I just got deeper and deeper into it, and every part of town has a geological story. Real estate developers, 100 years ago, before we had universal water supplies or plumbing or anything like that, said, “Oh, this site has great drainage. You’ll have your own sewage cistern and your own well. These are great spots for your nice home.” That’s a whole viewpoint we don’t have anymore in real estate. So things have changed, and that’s kind of what I’ve been focusing on. It’s been delightful to research, poking around old newspapers.
How has the geology of Oakland contributed to the distribution of wealth across town?

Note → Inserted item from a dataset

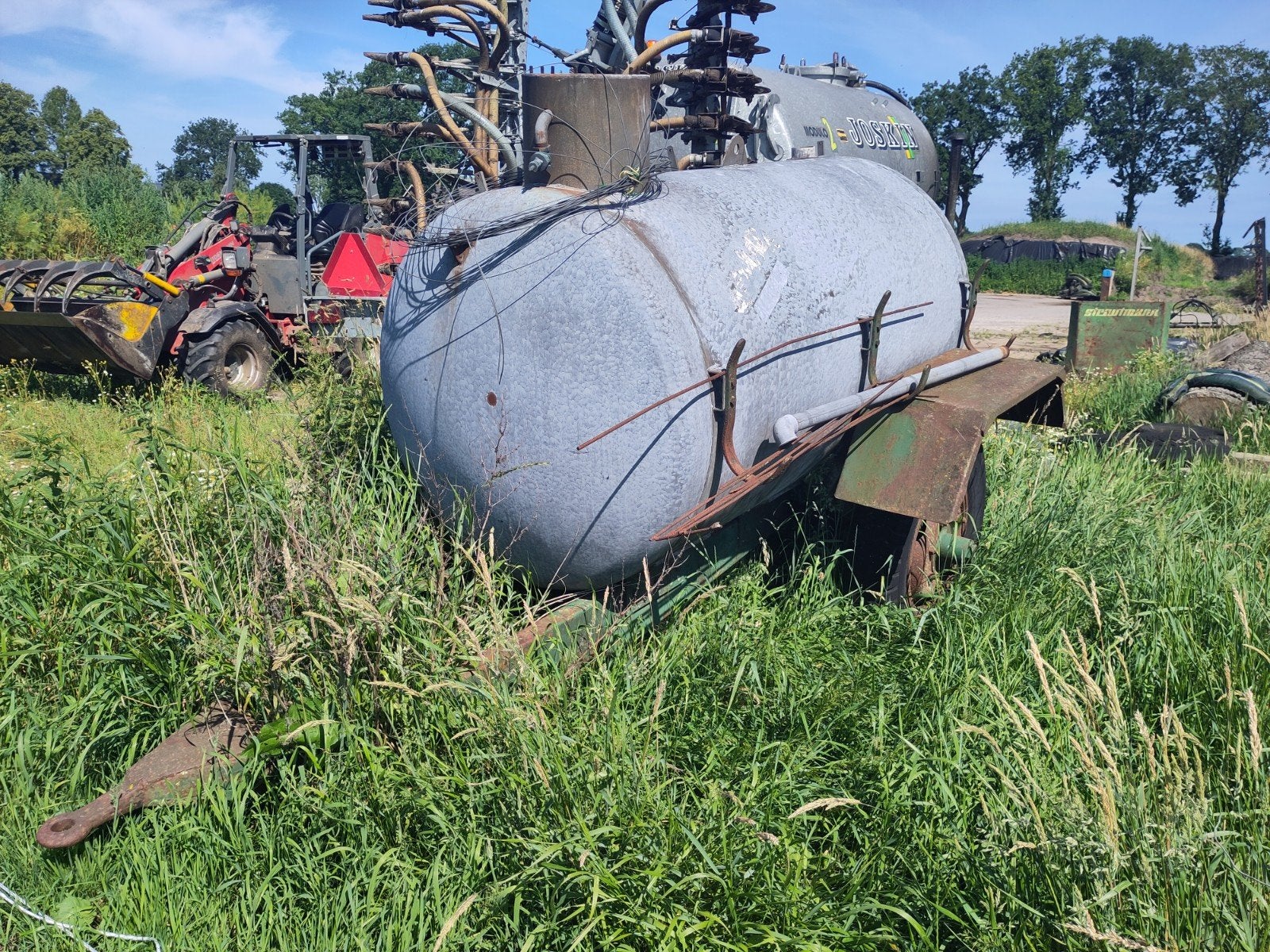 mesttank/watertank op onderstel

Lake Merritt used to be a very desirable district because it’s a healthy place, it’s got good breezes and it’s near downtown. You can have excellent landscaping there. That’s why it was an upper-class place. And then upper-class homebuilders moved up into the foothills after that, and by the foothills I mean, the low hills around the Maxwell Park neighborhood. They’re on [the southwest] side of the fault—they’re low hills, a few hundred feet high, but they have excellent scenery and catch the breeze. And the developers would run streetcar lines up to them. So you could build your house and ride the streetcar to San Francisco on the ferry.
But it all stemmed from the topography, and that’s why the premium neighborhoods are still that way—because they started out that way, 100 years ago, and have maintained it all these years. The lower-income developers moved to the flats, which, when land opened up, had started out with farms. They then moved to industries, because the industries would sink wells for their water supply—that’s why they were there, for the good water supply down in the flats. And then when the water ran out, the industries moved out because things got cheaper out of town, and the land became available for more inexpensive housing.

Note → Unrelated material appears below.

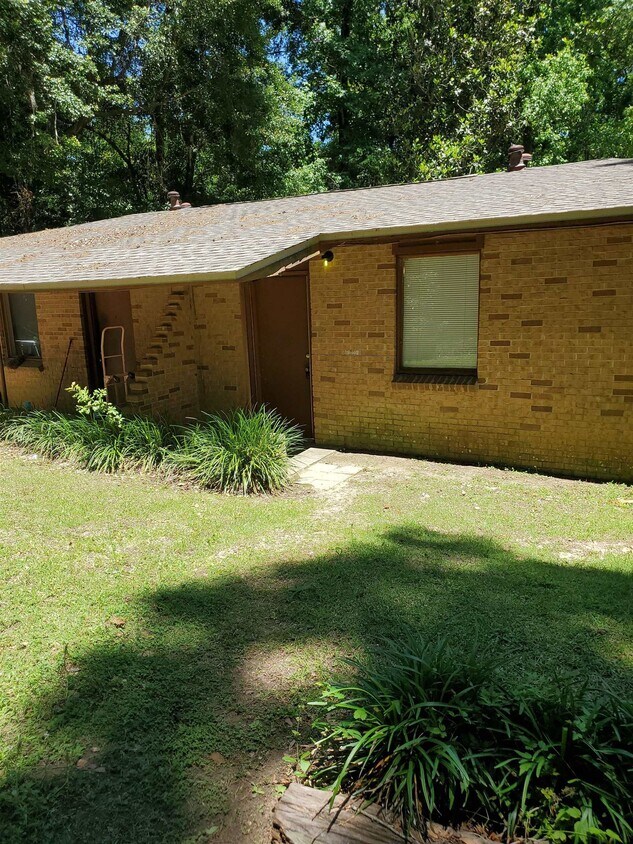 1708 Talpeco Rd, Tallahassee, FL 32303 Condo for Rent in Tallahassee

That’s why the East Oakland flats are the way they are, and the North Oakland flats. West Oakland was a little different because it’s on the same platform as the old downtown, so it was settled much earlier. That’s why it’s so full of these wonderful Victorian houses. The railroad made that neighborhood wealthy.
Then, finally, the high hills became available when everybody got cars in the 1920s. All the landowners who owned the hills bought them as speculation and as watershed land. They were gonna have water companies up there. And all that fell through, but they said, “Well, okay, now we have cars. We can develop subdivisions in a whole different way. We don’t need trolleys anymore. We don’t need the ferry.” And that’s why they developed the way they did. History intersected with topography. That’s the story of Oakland.

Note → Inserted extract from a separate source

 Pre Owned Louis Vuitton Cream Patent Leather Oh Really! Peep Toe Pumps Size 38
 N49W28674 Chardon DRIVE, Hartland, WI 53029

You describe your upcoming work Deep Oakland as an “odd book.” What do you mean by that?
No one has written a book like it. Like I was saying, the choices that different people have made here, from the Ohlones to the Americans, depended on facts in the landscape that each have a geological story. Nobody I know of has braided those two strands of history, human and geological, the way I’ve done. If I lived anywhere else, I’d explore it just as thoroughly, but in exploring Oakland I found unexpected depth in its geology and universal lessons in its human history. I think that many cities could support books like Deep Oakland, and I hope other writers will write them. But Oakland is really special and deserves to be the first.